The building sector, both here and worldwide, is facing an enormous challenge to address our environmental footprint and impact on climate change.
We are not going to stop building, but we can certainly build smarter and in a more sustainable fashion than we do today.
To do that, we need to harness the information on identifying the components and ingredients in building products.
Our customers, some now and more in the future, will demand supply chain, operational and environmental impact information.
Architects and engineers need this information to make informed decisions on what product to select to best achieve desired outcomes.
The shift to more transparency and accountability is not easy. It’s not just the effort and cost, it’s a total change in mindset to position your industry sector and company, to embrace the dual responsibilities of transparency and accountability.
Materials sector organizations are at the early stages of assisting their respective members to understand and commit to such reporting methods.
Some of this is being driven by LEEDv4, which in Canada will almost certainly be approved by the Canadian Green Building Council in June.
In the U.S., LEEDv4 has been in place for almost a year.
Within the new version of LEED there is a point for being transparent, without the accompanying analytics required for a full scale environmental product declaration (EPD).
The National Ready Mixed Concrete Association (NRMCA) in the U.S. has launched an Industry EPD initiative, which when verified, will enable participants to achieve a half point towards LEED certification.
This is an important first step for EPD development within corporations.
A few B.C. Ready-Mixed Concrete Association members are participating in this exercise and we will all learn from this. The B.C. ready-mixed industry is responding to these challenges with a new ECCO Plant Certification program, which will be available this fall.

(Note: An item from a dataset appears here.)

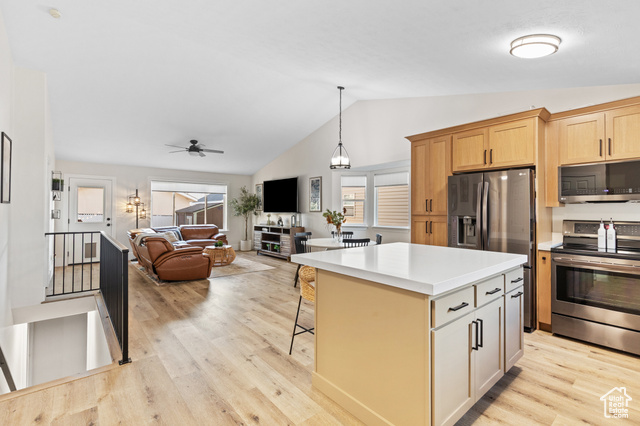 Photo 4 for MLS #2116200 at 291 W Bubbling Brook Ln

This certification will enable and encourage manufacturers to achieve and report on the highest standards of environmental and sustainable practices.
All certifications will be verified by third party engineering consultants.
It isn’t only LEED driving the sustainability choices.
The Architecture 2030 challenge, to produce carbon neutral buildings by 2030, has resulted in numerous local governments in North America legislating these targets.
The Net Zero Home Coalition and the Passive House movement are having an impact on how we view what’s possible with on-site renewable technologies and energy efficient material choices.
The upcoming B.C. Building Code changes will change how homes are built and the material and product choices.
It’s our view that for homes and midrise construction, Insulating Concrete Forms (ICF) are a superior building product to achieve energy conservation goals.
To assist contractors, engineers and architects, we have researched and will soon publish the results of laboratory testing and guidelines on window placement, to avoid water intrusion in ICF buildings.
The results are being incorporated into Building Envelope Guidelines produced by the B.C. Housing’s, Homeowner Protection Office. We are just at the beginning of a new age of advanced industrial materials.
It isn’t the same old concrete, wood and steel. It isn’t about selecting one material over another, but how the materials work together for a more sustainable built environment. We have worked to change some of that conversation with Converge 2013 last October and we will continue to encourage greater collaboration among leaders in all materials sectors.